El Departamento de Justicia de los EE. UU. (DOJ, por siglas en inglés) solicitó al Tribunal del Distrito Medio de Tennessee la continuidad en prisión del salvadoreño, Kilmar Ábrego García, pues advirtió que de ser procesado en libertad existe alta posibilidad de que huya de esa nación para no ser enjuiciado. Su comparecencia ha sido programada para este viernes.
El salvadoreño, quie es vinculado por la Fiscalía de EE.UU., a la pandilla MS-13, se encuentra recluido en la prisión del Condado de Putnam a la espera de ser enjuiciado por múltiples crímenes, entre las imputaciones que deberá enfrentar es su participación en el contrabando de niños inmigrantes irregulares.
«Ábrego García solía asignar niños para que se sentaran en el piso del vehículo para que los extranjeros transportados, que habían pagado a otros cómplices para viajar, pudieran tener asientos, con el fin de aumentar las ganancias financieras», se indica en la acusación.

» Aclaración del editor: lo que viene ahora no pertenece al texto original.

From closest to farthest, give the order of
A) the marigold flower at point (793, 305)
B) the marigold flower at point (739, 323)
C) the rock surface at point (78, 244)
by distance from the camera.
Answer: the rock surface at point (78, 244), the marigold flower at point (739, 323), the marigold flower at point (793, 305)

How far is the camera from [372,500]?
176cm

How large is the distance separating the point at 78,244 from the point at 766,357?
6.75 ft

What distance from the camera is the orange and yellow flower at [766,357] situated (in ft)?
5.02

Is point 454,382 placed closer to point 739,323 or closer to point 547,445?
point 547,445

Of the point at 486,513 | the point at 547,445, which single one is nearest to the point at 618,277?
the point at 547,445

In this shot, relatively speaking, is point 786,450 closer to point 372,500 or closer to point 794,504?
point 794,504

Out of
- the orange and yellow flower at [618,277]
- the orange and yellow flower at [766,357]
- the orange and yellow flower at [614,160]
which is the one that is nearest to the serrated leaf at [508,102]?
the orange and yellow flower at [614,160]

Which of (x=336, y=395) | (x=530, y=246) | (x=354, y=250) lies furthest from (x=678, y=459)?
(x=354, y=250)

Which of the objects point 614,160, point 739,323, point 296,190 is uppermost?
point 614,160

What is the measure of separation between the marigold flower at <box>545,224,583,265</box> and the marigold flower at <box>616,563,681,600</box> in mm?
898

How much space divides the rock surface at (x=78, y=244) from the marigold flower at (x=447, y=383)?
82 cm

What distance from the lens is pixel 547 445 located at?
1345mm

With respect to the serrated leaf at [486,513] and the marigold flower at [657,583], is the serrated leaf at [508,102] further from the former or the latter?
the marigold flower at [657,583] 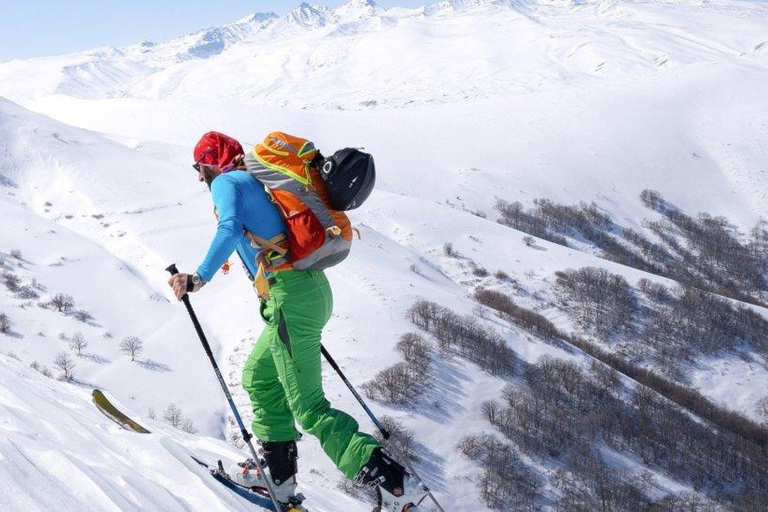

El viernes 6 de junio, la fiscal general de los Estados Unidos, Pam Bondi, brindó detalles de los señalamientos contra el salvadoreño hechos en el Tribunal del Distrito Medio de Tennessee -caso No. 3:25-cr-00115-, donde será procesado por asociación con la organización criminal transnacional MS-13, lavado de dinero y encubrimiento, tráfico de personas, así como de obtener pagos de migrantes indocumentados para transferir dinero y ocultar el origen ilícito de los fondos.
La petición para evitar la liberación de Ábrego García fue hecha el lunes 10 de junio al juez, Waverly Crenshaw, a quien el DOJ le pidió considerar que existe un «riesgo grave» de que abandone el país, pero también, posibles repercusiones contra una de las víctimas que es menor de edad.
Para fortalecer las acusaciones, las autoridades cuentan con el testimonio del agente especial de Investigaciones de Seguridad Nacional (HSI, por sus siglas en inglés), Pete Joseph, de quien se informó tiene el testimonio de personas que habrían participado en una red de tráfico junto con Abrego García, cuyas víctimas incluían a niños.
El 21 de mayo, un Gran Jurado del Distrito Medio de Tennessee emitió una acusación sellada contra el connacional por contrabando de personas y conspiración para cometer contrabando de personas, crímenes que son violatorios del Título 8 del Código de EE.UU., sección 1324, según explicó la fiscal Bondi.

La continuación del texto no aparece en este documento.